Question
A small coffee shop consumes on average 5000 bags of their most popular coffee beans each month. Demand is normally distributed with standard deviation of
A small coffee shop consumes on average 5000 bags of their most popular coffee beans each month. Demand is normally distributed with standard deviation of the monthly demand being 200 bags. The shop pays $12 for each bag to the supplier. The cost of ordering and receiving shipments is $15 per order. Accounting estimates annual inventory carrying cost is 30% of its value. The supplier lead time is a constant of 2 operating days. The shop operates 240 days per year, i.e., the shop operates 20 days each month. Each order is received from the supplier in a single delivery.
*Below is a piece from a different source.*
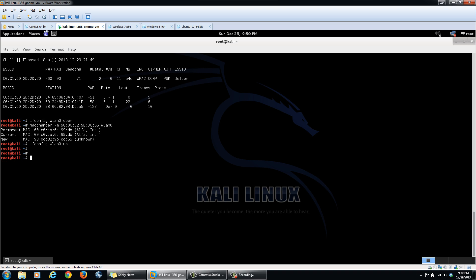And then we can also take down the logical interface, mon0, that's running in monitor mode, seeing that we no longer need it.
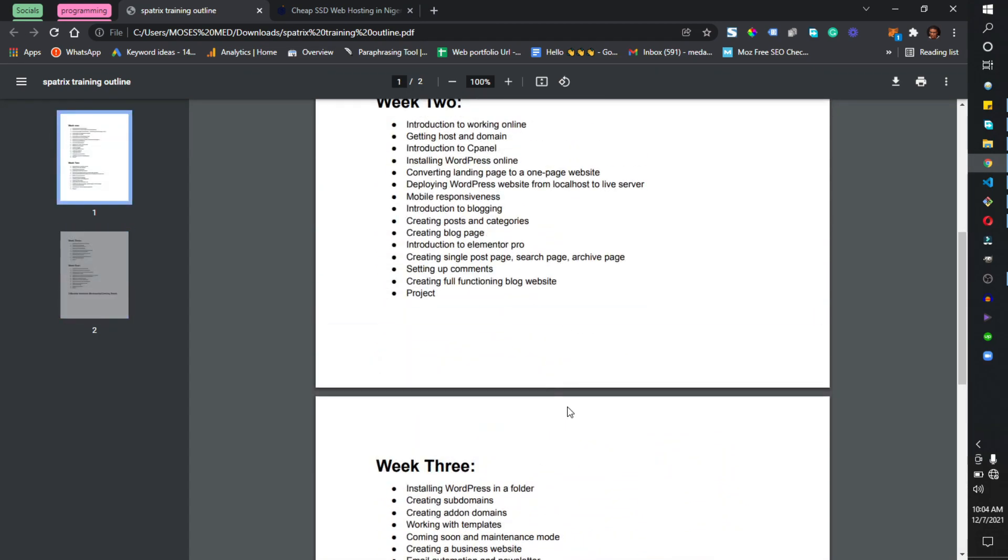So after the four weeks intensive training, those who participated and did well will have access to our three-month intensive mentorship.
The coffee shop uses continuous review (i.e., fixed-order quantity) inventory system and pays the supplier when the order is delivered (i.e., cash on delivery). There are no quantity discounts.
MONTHLY DEMAND=5000 STANDARD DEV=200 ANN-3.6
ANNUAL DEMAND =60000. PER UNIT COST= 12 ORDER COST=15
(NOT SURE IF WHAT I DID WAS RIGHT FOR QUESTION ONE PLEASE REWORK IT AND SHOW ME IF I DID IT THE WRONG WAY IF IT IS RIGHT LET ME KNOW IF I SHOWS HOW I DID IT RIGHT)
1.What is the standard deviation of demand during the lead time period?
SOLUTION- SQRT(LEAD TIME IN MONTHS)X(STANDARD DEV OF MONTH DEMAND)
SQRT(0.1)X2000= 63.25
ANSWER-63.25
2.The coffee shop manager worries that the safety stock of 50 bags is too low and asks you for advice. What is the safety stock if the coffee shop maintains a service level of 95%?